=== Your task ===
Print them exactly: the lines from the beginning of the entries below through the line that contains "May include: A", and only those, with the pictures left out.

=== Record excerpts ===
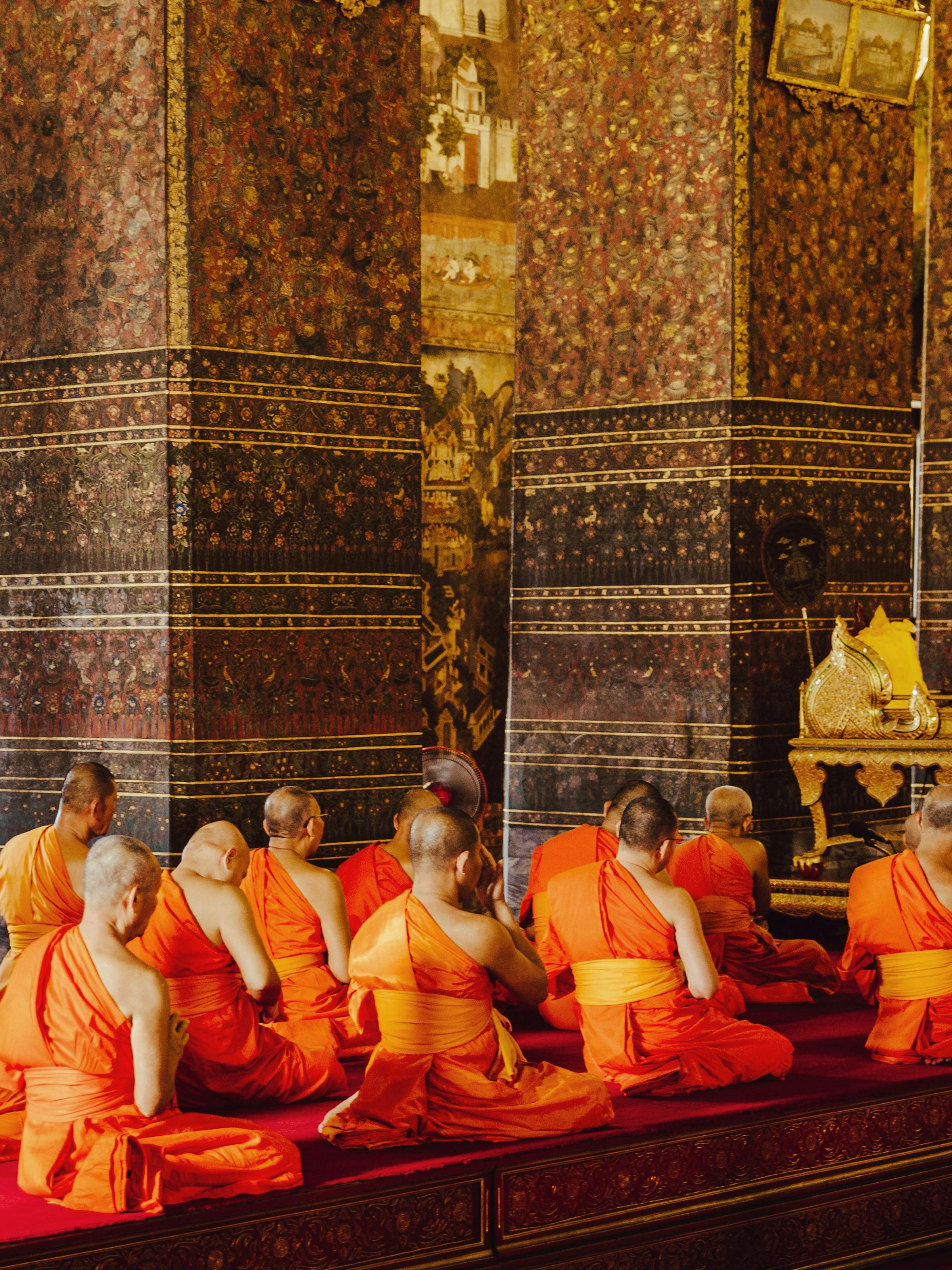 Monks in orange robes sit along an ornate temple wall, framed by patterned tiles and gilded statues inside.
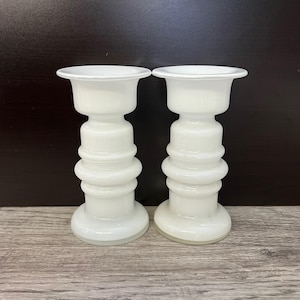 Op de afbeelding: Twee witte glazen kandelaars. Elk heeft een brede, ondiepe bovenkant, een cilindrisch lichaam met gestapelde, afgeronde secties en een cirkelvormige basis. De kandelaars worden gepresenteerd op een houten oppervlak met een donkere achtergrond.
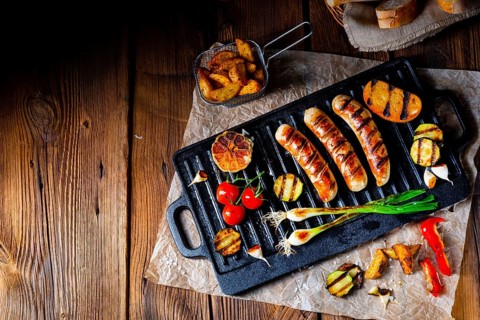 Delicious grilled sausage with various grilled vegetables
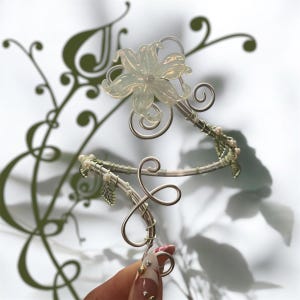 May include: A delicate silver-toned floral hair accessory featuring a translucent flower and intricate wirework. The design includes spiraling accents and small leaf details, creating an elegant, nature-inspired look. The accessory is held by a hand with a manicure.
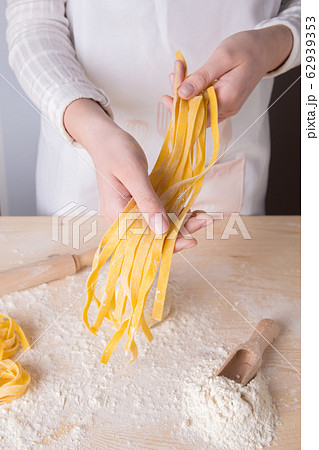 A young woman is holding fresh homemade pasta - Italian tagliatelle. Italian pasta made from flour, water and eggs. 62939353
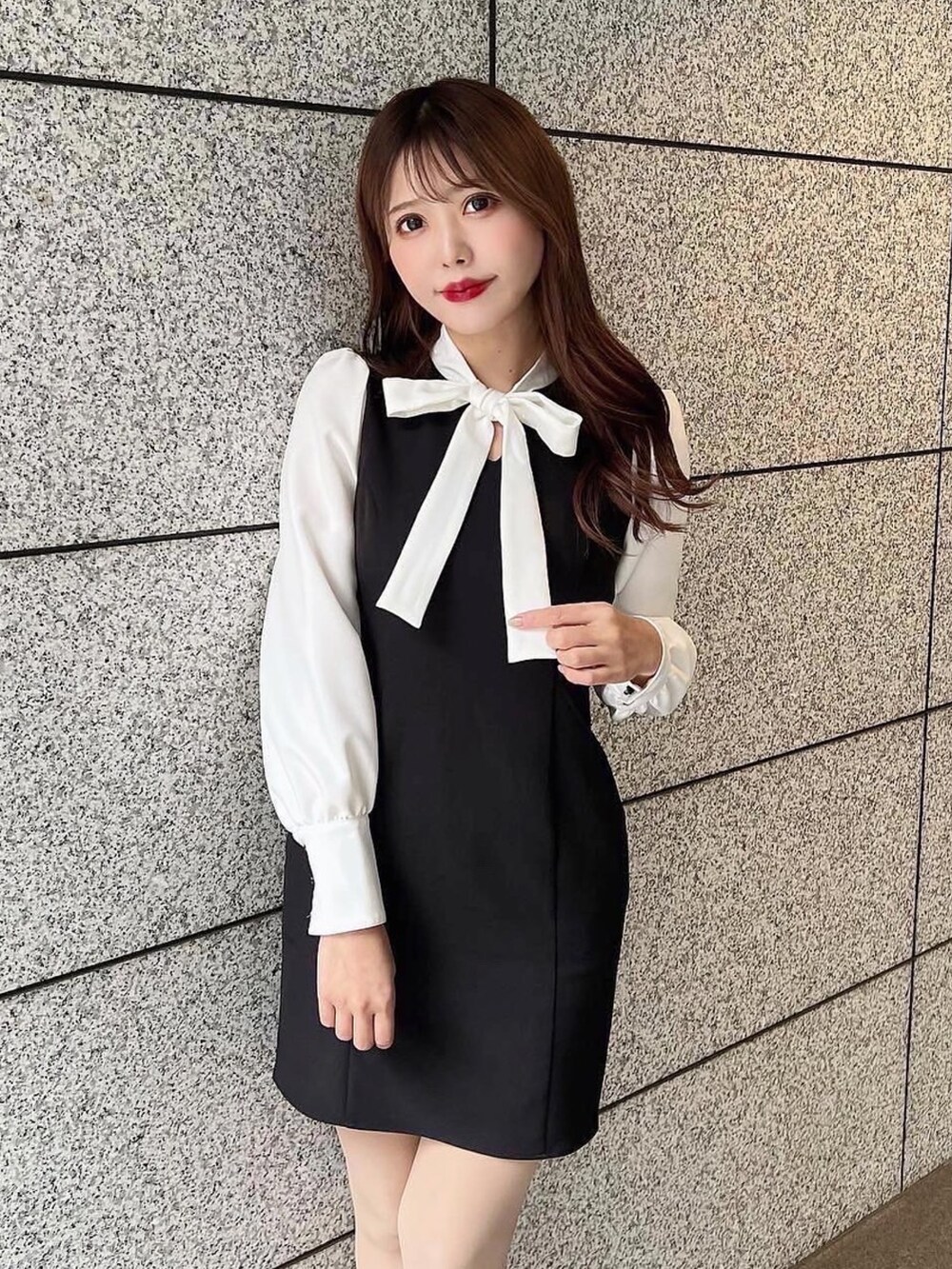 ブラック系のワンピース、ブラック系のハンドバッグ、その他のパンプスを着用したレディースの冬コーディネートの3枚目の写真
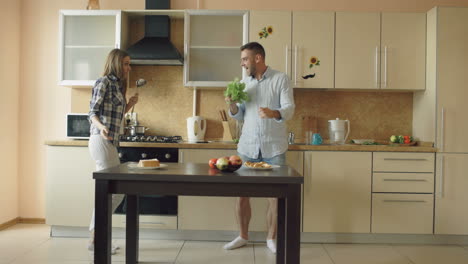 una pareja bailando en la cocina.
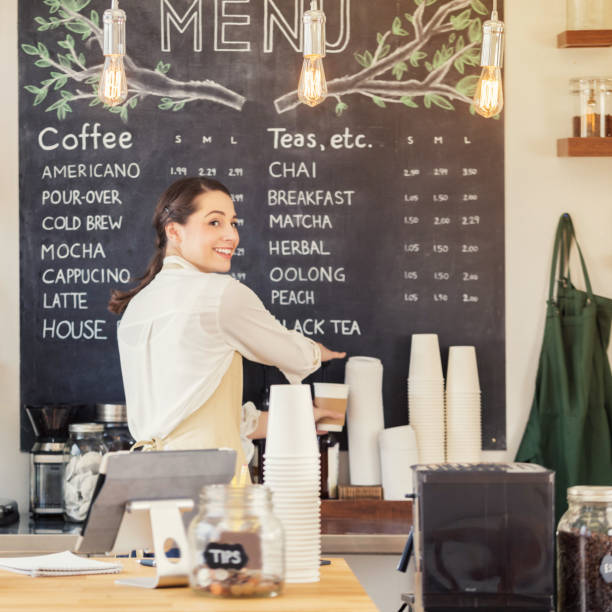 istock Confident female barista works on coffee order 860318396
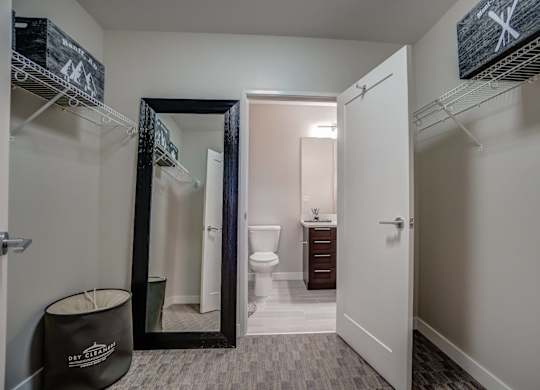A bathroom with a toilet, sink, and mirror.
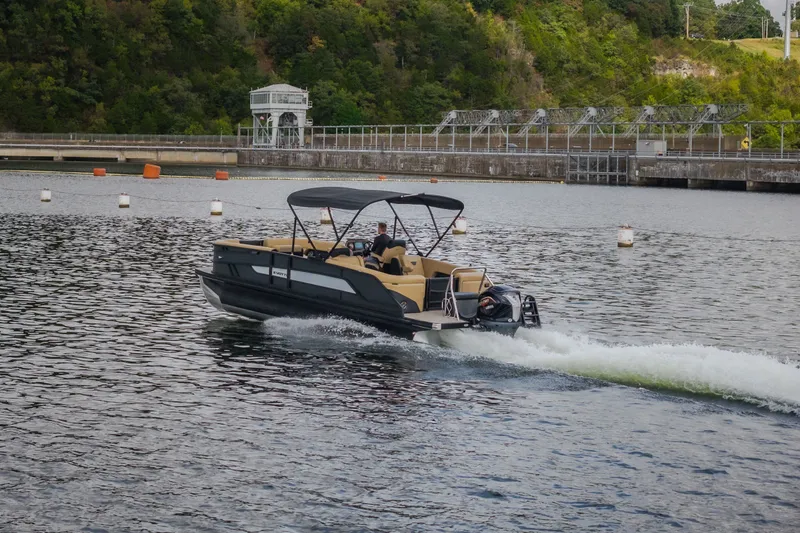 Slide: The Image of Evotti 525QL boat cruising on a scenic lake, 2026 model. - 72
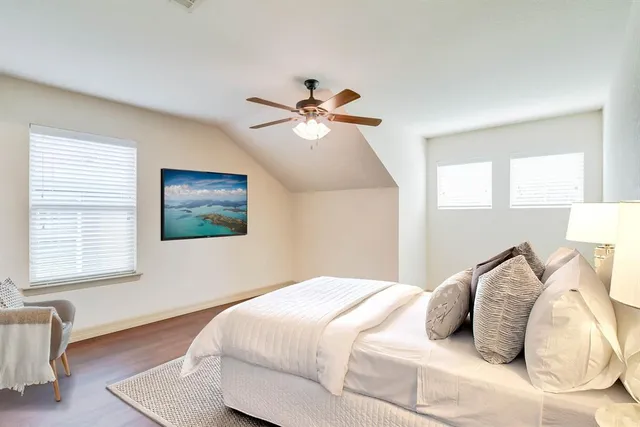 a bedroom with a bed and a chandelier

=== Output for this exercise ===
 Monks in orange robes sit along an ornate temple wall, framed by patterned tiles and gilded statues inside.
 Op de afbeelding: Twee witte glazen kandelaars. Elk heeft een brede, ondiepe bovenkant, een cilindrisch lichaam met gestapelde, afgeronde secties en een cirkelvormige basis. De kandelaars worden gepresenteerd op een houten oppervlak met een donkere achtergrond.
 Delicious grilled sausage with various grilled vegetables
 May include: A delicate silver-toned floral hair accessory featuring a translucent flower and intricate wirework. The design includes spiraling accents and small leaf details, creating an elegant, nature-inspired look. The accessory is held by a hand with a manicure.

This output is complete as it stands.